Source records:

..........

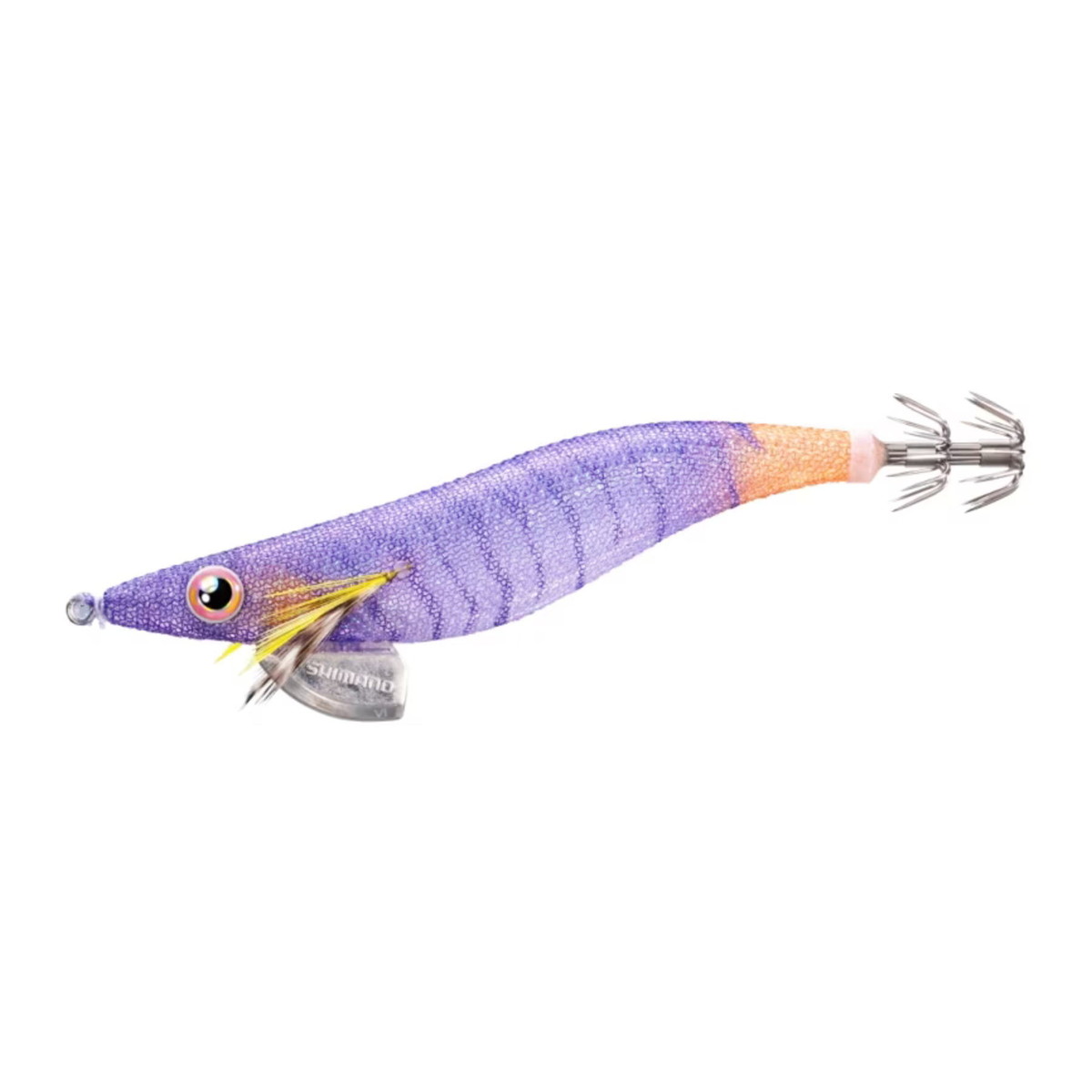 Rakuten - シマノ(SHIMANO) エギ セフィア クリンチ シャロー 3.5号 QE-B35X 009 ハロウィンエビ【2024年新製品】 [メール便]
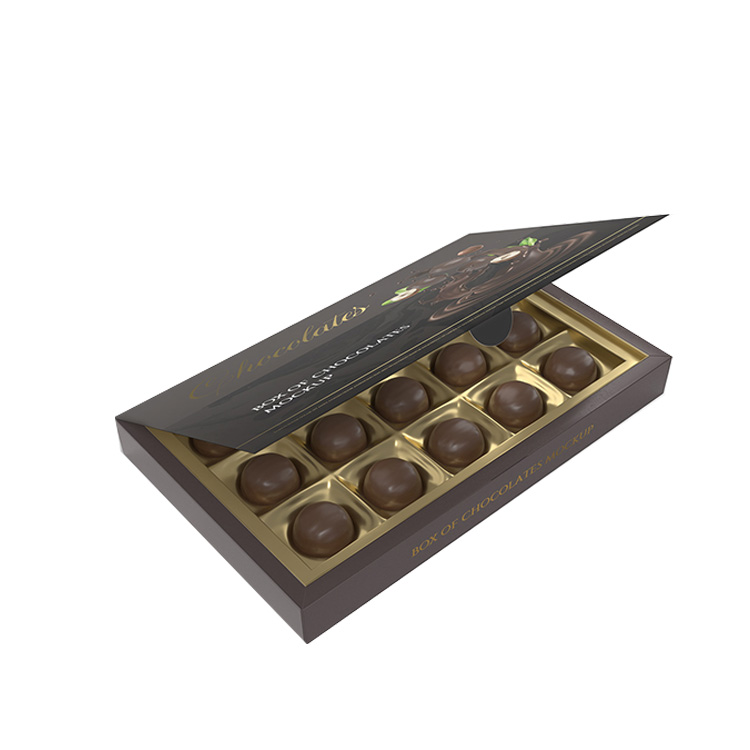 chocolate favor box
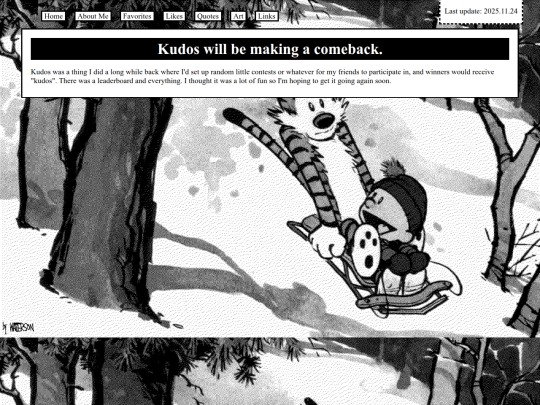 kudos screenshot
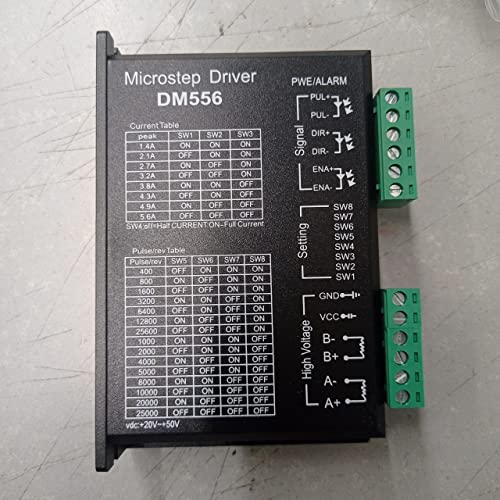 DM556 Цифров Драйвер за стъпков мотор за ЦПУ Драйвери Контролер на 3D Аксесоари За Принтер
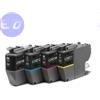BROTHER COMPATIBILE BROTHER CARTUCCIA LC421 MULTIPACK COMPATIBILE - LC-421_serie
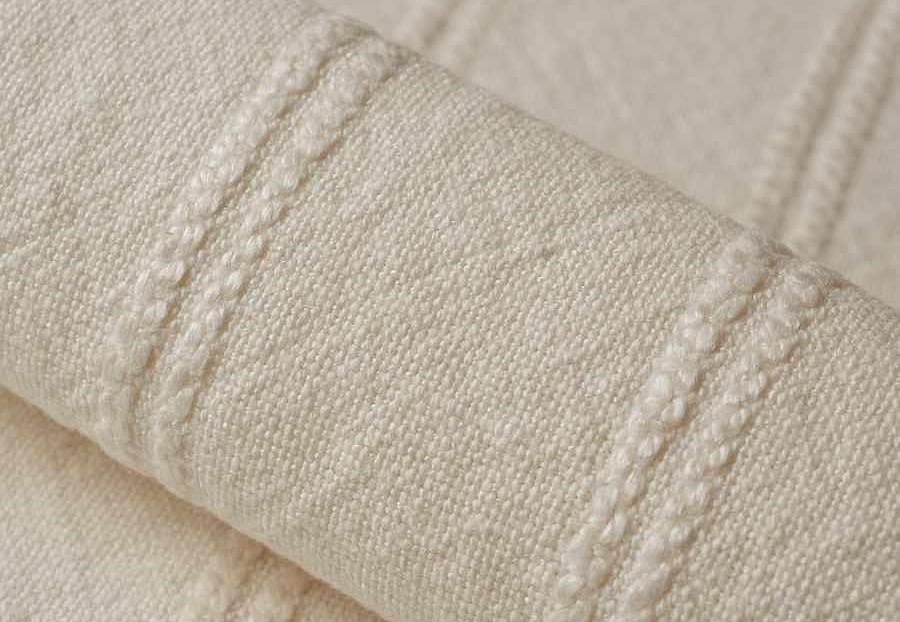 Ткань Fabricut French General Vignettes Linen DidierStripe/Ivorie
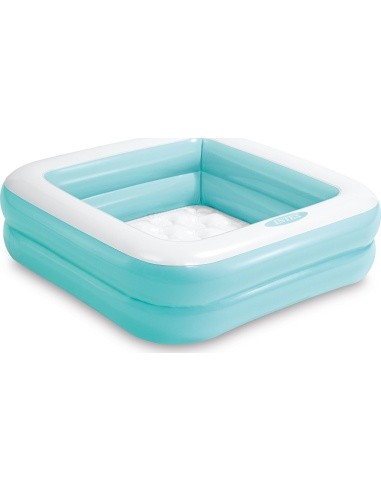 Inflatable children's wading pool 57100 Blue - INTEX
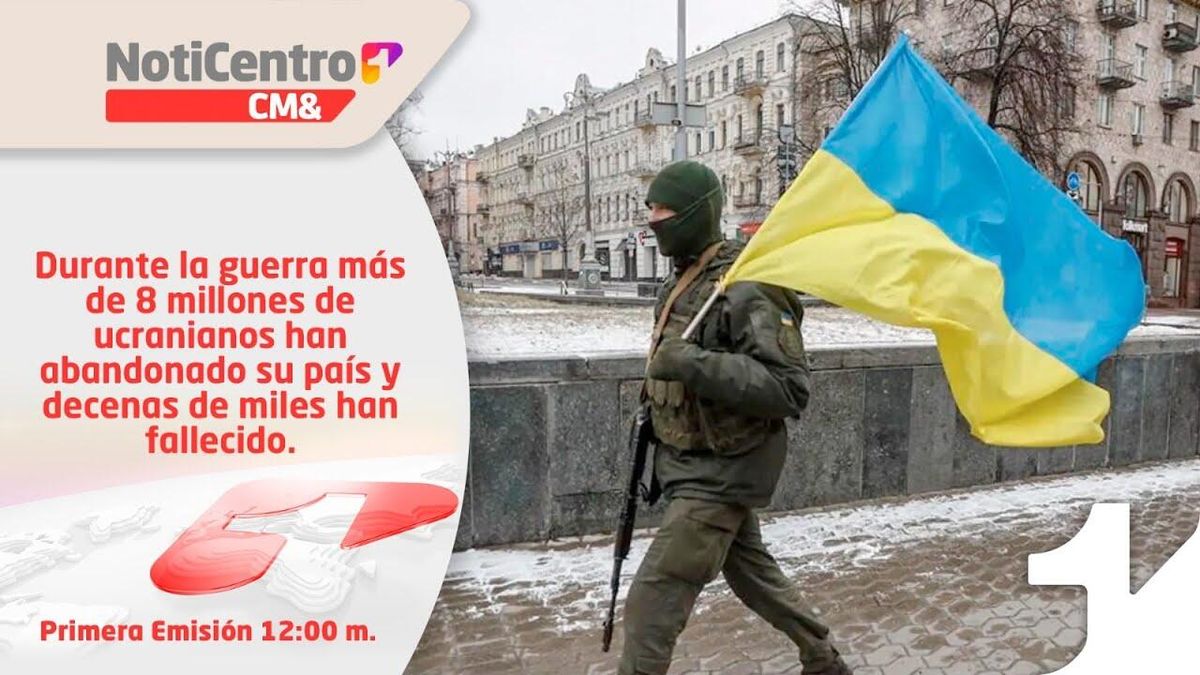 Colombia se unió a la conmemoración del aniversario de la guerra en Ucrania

..........

§ **What you will do**
Your reply should hold only the records, duplicated exactly, without any image.

§ **Final answer**
 Rakuten - シマノ(SHIMANO) エギ セフィア クリンチ シャロー 3.5号 QE-B35X 009 ハロウィンエビ【2024年新製品】 [メール便]
 chocolate favor box
 kudos screenshot
 DM556 Цифров Драйвер за стъпков мотор за ЦПУ Драйвери Контролер на 3D Аксесоари За Принтер
BROTHER COMPATIBILE BROTHER CARTUCCIA LC421 MULTIPACK COMPATIBILE - LC-421_serie
 Ткань Fabricut French General Vignettes Linen DidierStripe/Ivorie
 Inflatable children's wading pool 57100 Blue - INTEX
 Colombia se unió a la conmemoración del aniversario de la guerra en Ucrania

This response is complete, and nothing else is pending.